The process of creating an AI Analyst and starting a Chat Session is fairly straightforward:
- Add an LLM Connector to the Grooper Repository Options.
- Create an AI Analyst.
- Select the documents you want to chat with. This can be done in multiple ways.
- From a Batch Viewer or Folder Viewer.
- From a Search Page query (more on the Search Page below).
- From the Chat Viewer in Review
- Start a Chat Session. This can also be done in multiple ways.
- Using the Discuss command
- Using the AI Dialogue activity. This is a way of automating chat questions.
- Using the Chat Viewer in Review
Chat in Review
The Chat View is a new Review View that can be added to a Review step in a Batch Process. This allows human operators a mechanism to chat with a document during Review. The Chat View facilitates a chat with an AI Analyst. Users may select one document or multiple documents and enter questions into the chat console. The human reviewer can ask questions to better understand the document or help locate information to complete their review.
Furthermore, if there are "stock questions" any Review user should be asking, the new AI Dialogue activity can automate a scripted set of questions with an AI Analyst. AI Dialogue starts a Chat Session for each document. Any "Predefined Messages" configured for the AI Analyst will be asked by the AI Dialogue activity in an automated Chat Session. The responses for the Chat Session are then saved to each Batch Folder. The answers to these questions can be then reviewed by a user during Review with a Chat View. This also allows users to continue the conversation with Predefined Messages getting the conversation started.
Chat Page
The Chat Page is a brand new UI page that allows users to continue previous Chat Sessions. Chat Sessions are archived as children of an AI Analyst . Each Chat Session is organized into subfolders by user name. The Chat Page allows users to access their previous Chat Sessions stored in these folders. Furthermore, since Chat Sessions are archived by user name, users will only have access to Chat Sessions created by their user session.

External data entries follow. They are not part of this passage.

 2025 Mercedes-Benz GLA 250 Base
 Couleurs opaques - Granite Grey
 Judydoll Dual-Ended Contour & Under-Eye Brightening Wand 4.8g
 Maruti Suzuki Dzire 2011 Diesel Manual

AI Search: Document search and retrieval
Traditionally Grooper has been solely a document processing platform. The process has always been (1) get documents into Grooper (2) condition them for processing (3) get the data you want from them Grooper 2024 (4) get the documents and data out of Grooper and then delete those Batches as soon as they are gone. Grooper was never designed to be a document repository. It was never designed to hold documents and data long-term. All that is changing starting in version 2024!
One of our big roadmap goals for Grooper is to evolve its content management capabilities. Our goal is to facilitate users who do want to keep documents in Grooper long term. There will be several advantages to keeping documents in Grooper long term:
- You only need one system to manage your documents. No need to export content to a separate content management system.

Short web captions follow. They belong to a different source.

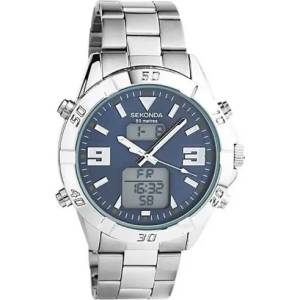 Sekonda Мъжки часовник Sekonda S-1860.00 (S-1860.00) Часовници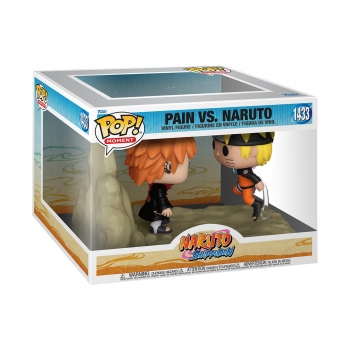 Figura Funko Pop Moment Naruto Pain v Naruto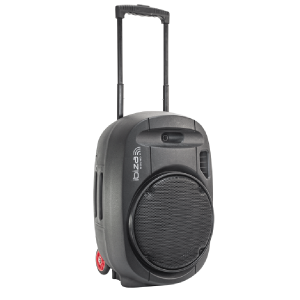 Ibiza Sound PORT12UHF-MKII Portable PA Speaker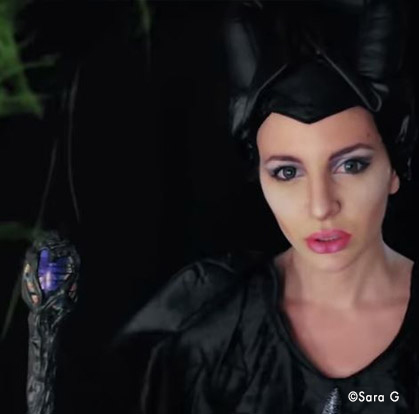 Maleficent Kostüme
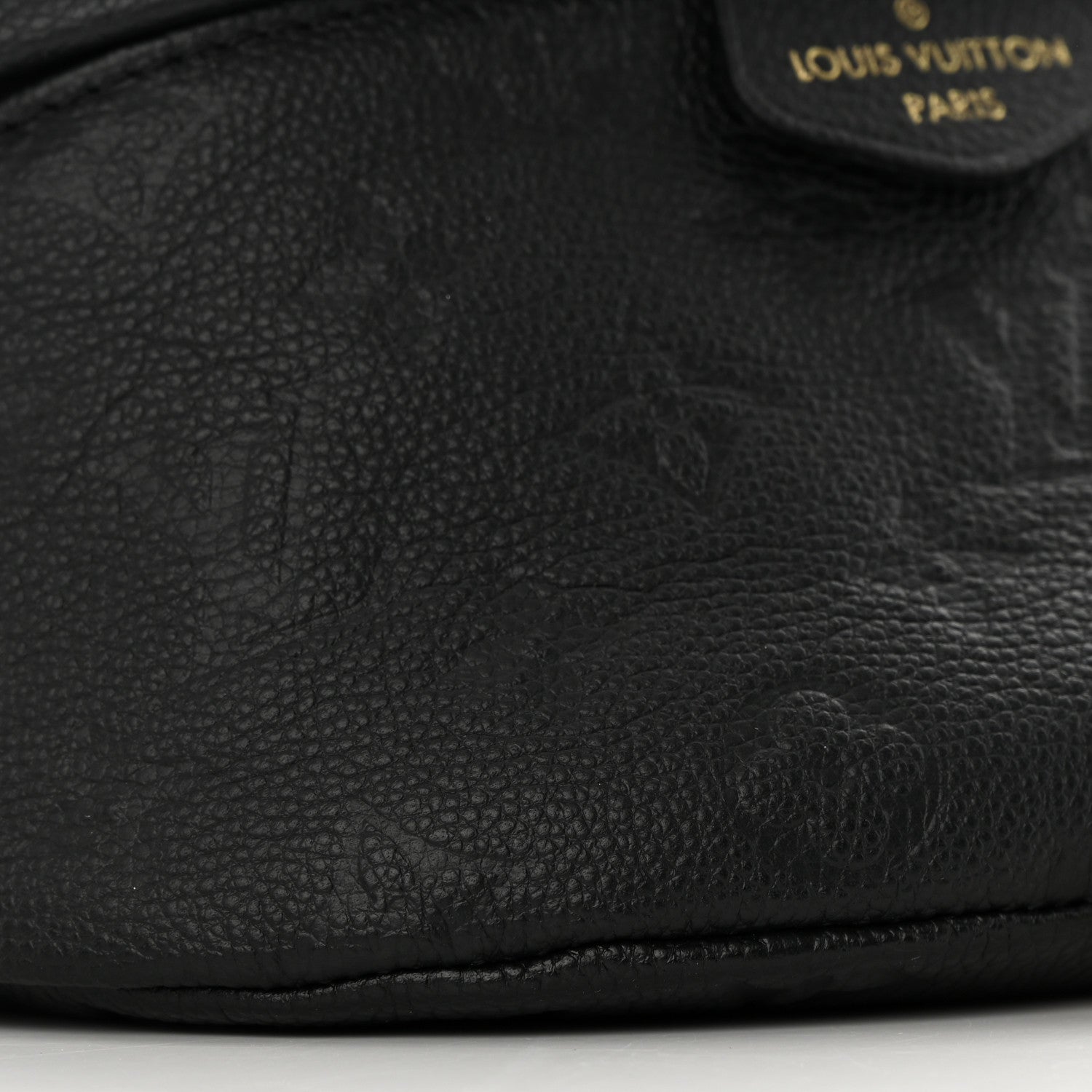 Louis Vuitton Empreinte BumBag Black 8 of 10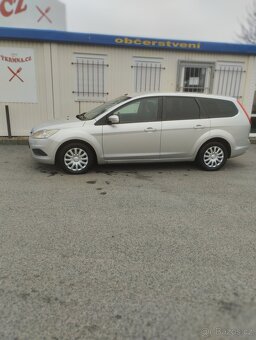 PRODAM FORD FOCUS 1.6.D.M.2009,NAJ.290TIS - 3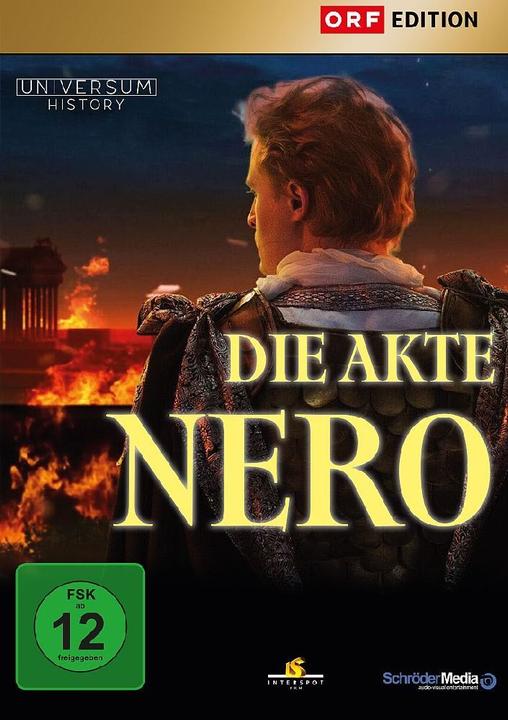 Produktbild Die Akte Nero (DVD, 2024, Deutsch)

- Grooper's hierarchical data modeling allows the documents' full extracted data to be stored in Grooper, including more complex multi-instance data structures like table rows.

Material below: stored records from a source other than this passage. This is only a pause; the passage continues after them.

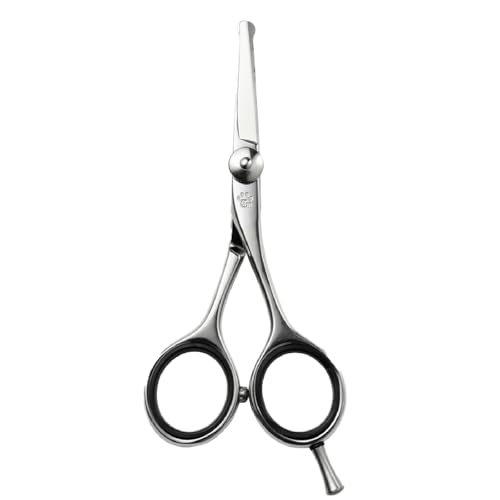 ペット用トリミングシザー メガネハンドル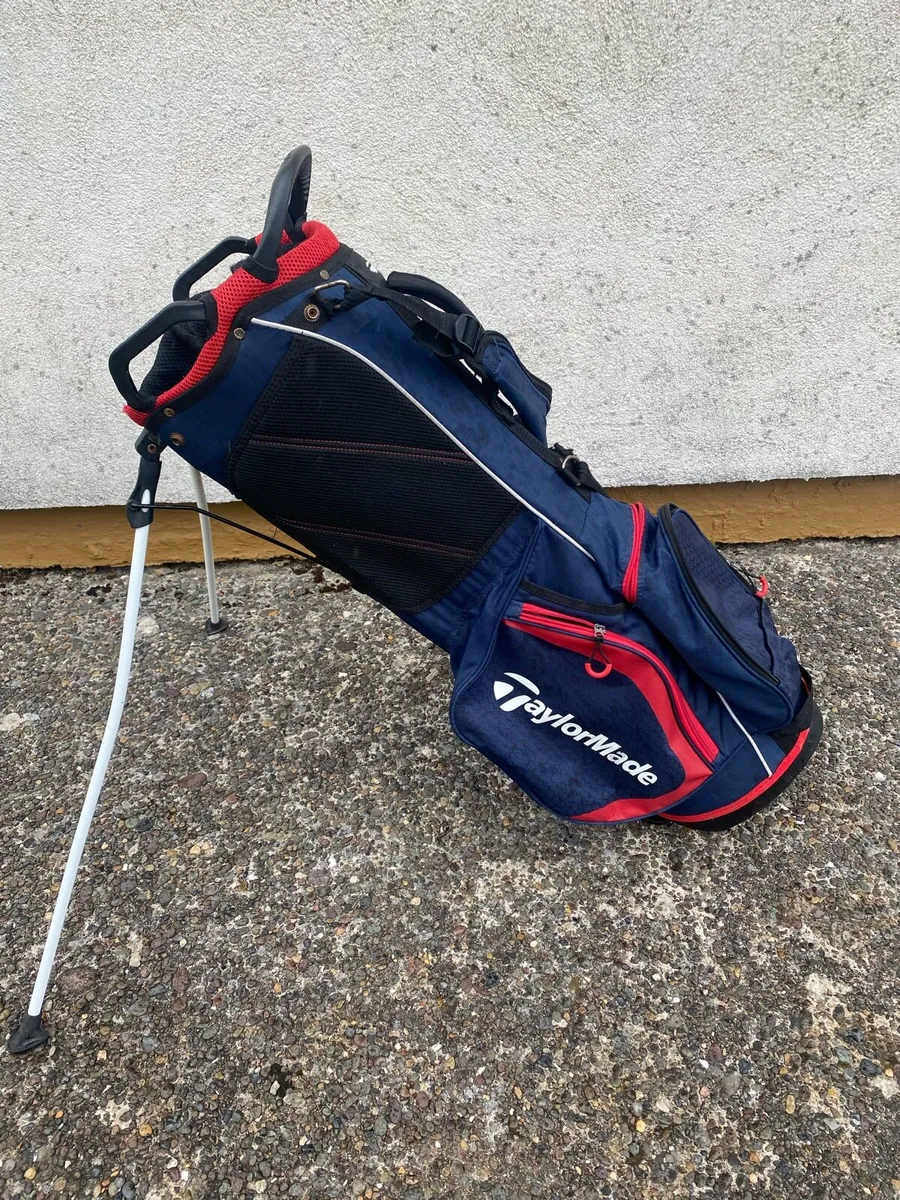 Taylormade Golf bag - Image 4
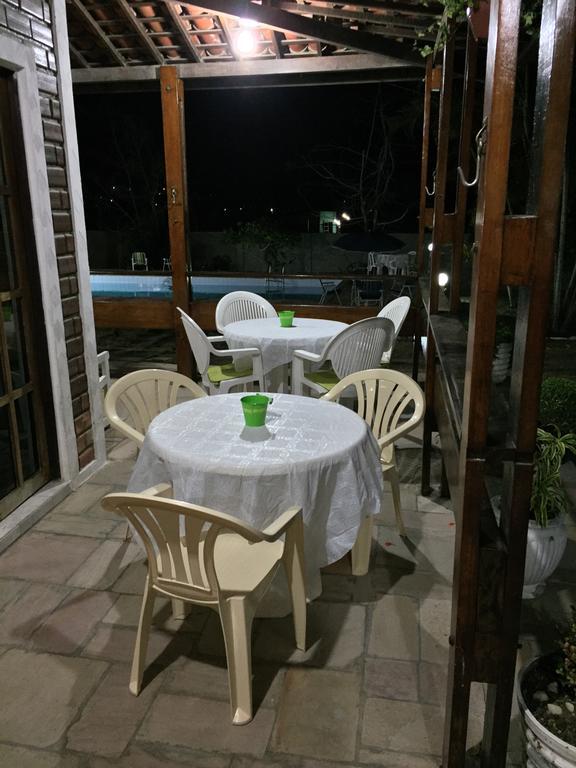 Chacara Em Gravata Villa Kültér fotó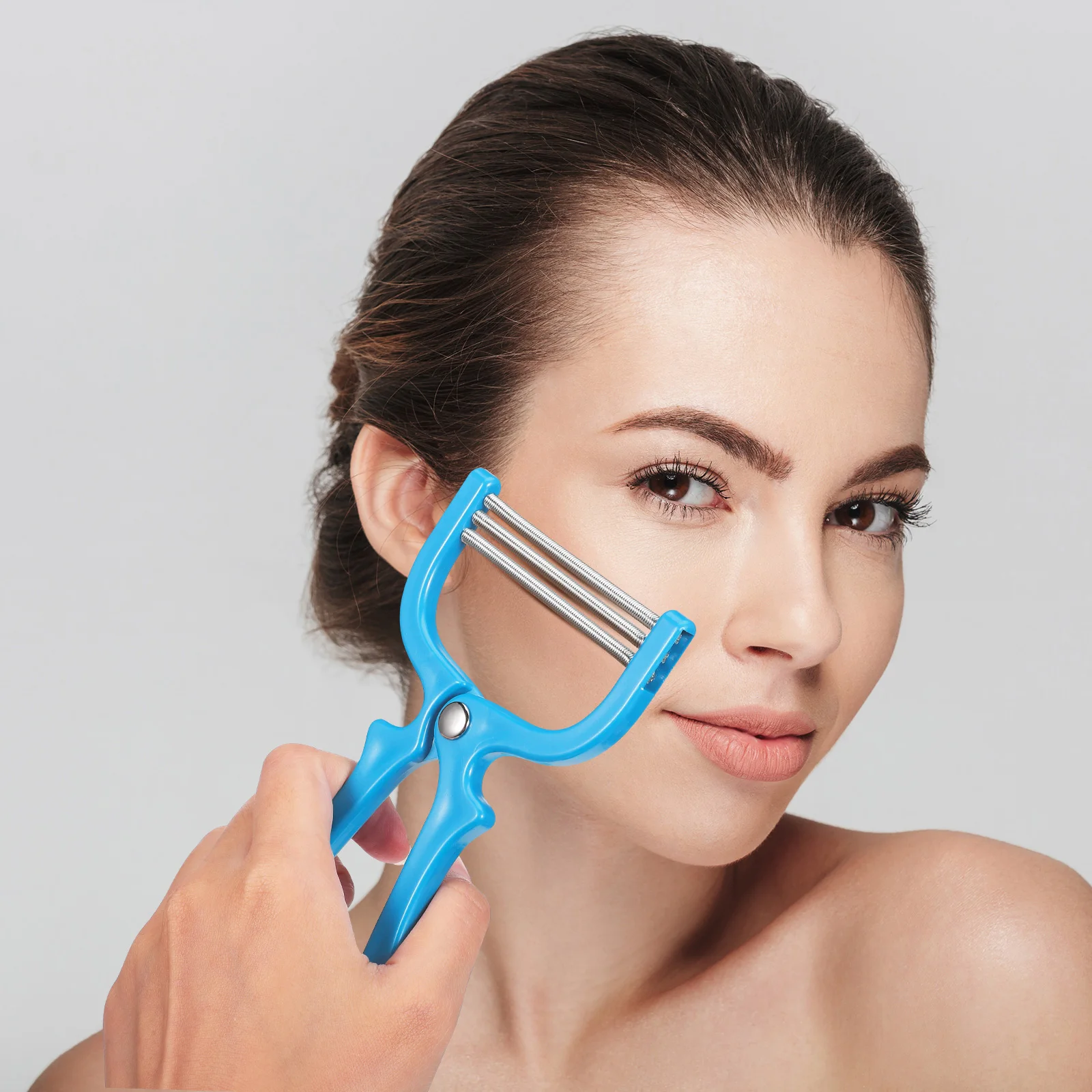 3pcs Facial Hair Remover Women Stainless Steel Spring Sensitive Skin Body Hair Removal Tool Epilator Portable Travel Manual Lip
3pcs Facial Hair Remover Women Stainless Steel Spring Sensitive Skin Body Hair Removal Tool Epilator Portable Travel Manual Lip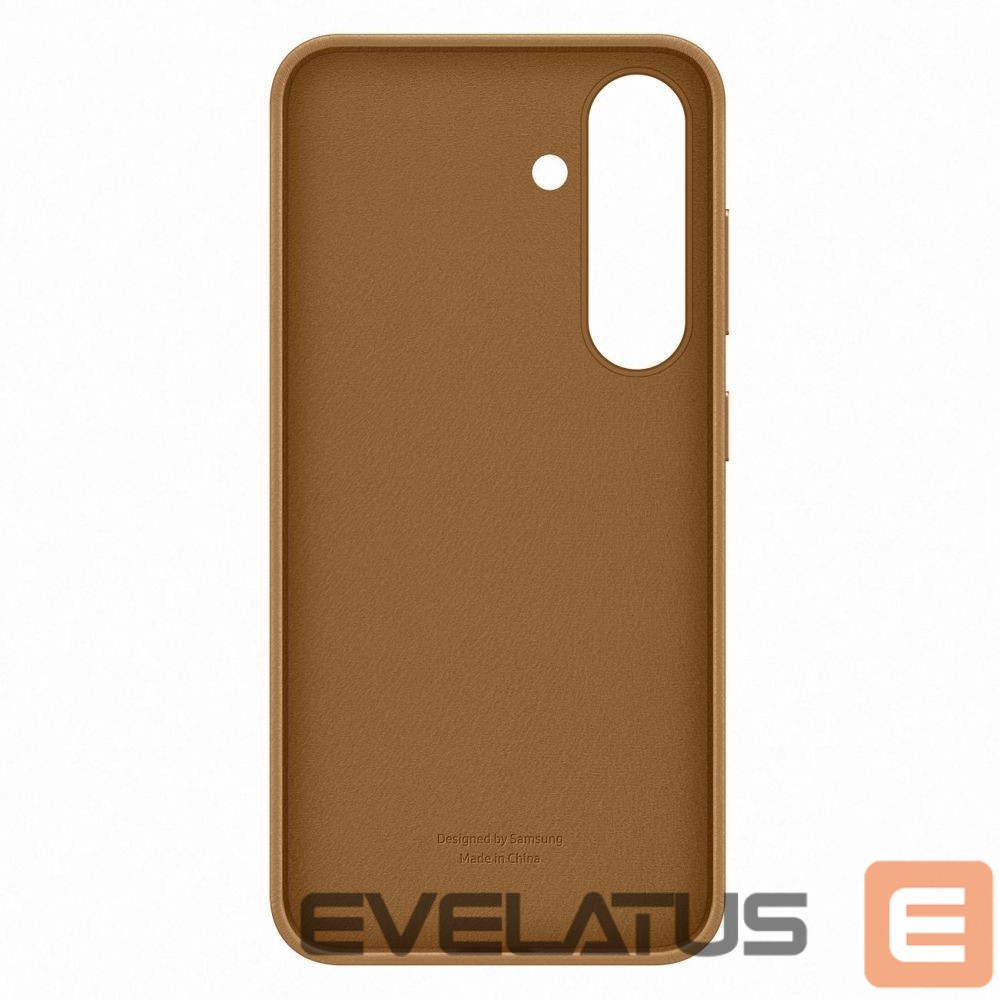 Tagakaaned Samsung Samsung KindSuit Case EF-VS931PFEGWW for Samsung Galaxy S25 - Gold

- If you need to reprocess a document, you don't have to bring it back into Grooper. It's already present and conditioned for further processing.
In version 2024, we take our first step into realizing Grooper's document repository potential with AI Search. Any content management system worth its salt must have a document (and data) retrieval mechanism. AI Search uses Microsoft Azure's AI Search API to index documents and their data. Indexed documents can be retrieved by searching for them using the new Search Page. This page can be used for something as simple as full text searching or more advanced queries that return documents based on extracted values in their Data Model.
Basic AI Search Setup
Before you can start using the Search page to search for documents, there's some basic setup you need to perform. Some of these steps are performed outside of Grooper. Most are performed inside of Grooper.
Outside of Grooper
- Create an AI Search service in Azure.
- The following article from Microsoft instructs users how to create a Search Service:
- Microsoft's full AI Search documentation is found here:
- You will need the Azure AI Search service's "URL" and either "Primary admin key" or "Secondary admin key" for the next step. These values can be found by accessing the Azure Search service from the Azure portal (portal.azure.com).
Inside of Grooper
- Add AI Search to the Grooper Root node's Repository Options. Enter the URL and admin key for the Azure AI Search service (copied from Azure).
- Add an Indexing Behavior on a Content Model.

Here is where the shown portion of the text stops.